|Metro, Subway, MRT, Rapid Transit, U-Bahn, Metrorail — whatever you like to call it, here's a creative global resource for it. Metrobits.org is a non-profit database, a virtual grid of thousands of chunks of data, to a good deal contributed by users and always backed by reliable sources. There are two key categories:
• articles (menu on the left) compare the world's metros in respect of their various features.
• city pages (menu on the right) list the details of each metro.
30 March 2013 — Major ridership update. Latest ridership data by John Kennes is online. For more updates, see the Updates page.
24 March 2013 — New interactive Metro Logos page. All metros have logos or symbols to mark their station entrances, rolling stock, and printed matter, such as maps or tickets. The new page comprises the entire Metrobits logo collection. Ordering and display size can be changed, logos used in more than one city or metro-like systems can be interactively included or excluded. Click on a logo to access the city page.
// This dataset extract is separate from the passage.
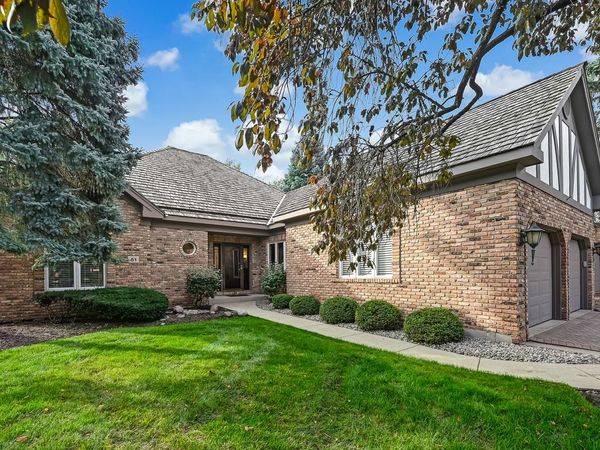 51 Chesterfield Court , Burr Ridge, IL 60527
10 March 2013 — Abandoned Lines — new category. A new page as well as a new section on every affected city's page reflects the metro sections that have been closed. There are more of them in the world than you might imagine!
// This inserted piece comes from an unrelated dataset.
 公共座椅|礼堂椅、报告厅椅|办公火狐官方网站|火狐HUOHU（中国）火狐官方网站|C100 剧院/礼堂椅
9 March 2013 — Metro Movies to be a major category. The touch point between subways and arts has always been a key theme at Metrobits, and the new Metro Movies category fits into it perfectly. The movies list can now be sorted by title, year, or city. The database has been pumped up to contain 142 movies filmed in 25 subways (51 of them in New York!), every city page of which now contains a Metro Movies section near the end of the page. So grap some popcorn and enjoy! Suggestions for more movies are always welcome.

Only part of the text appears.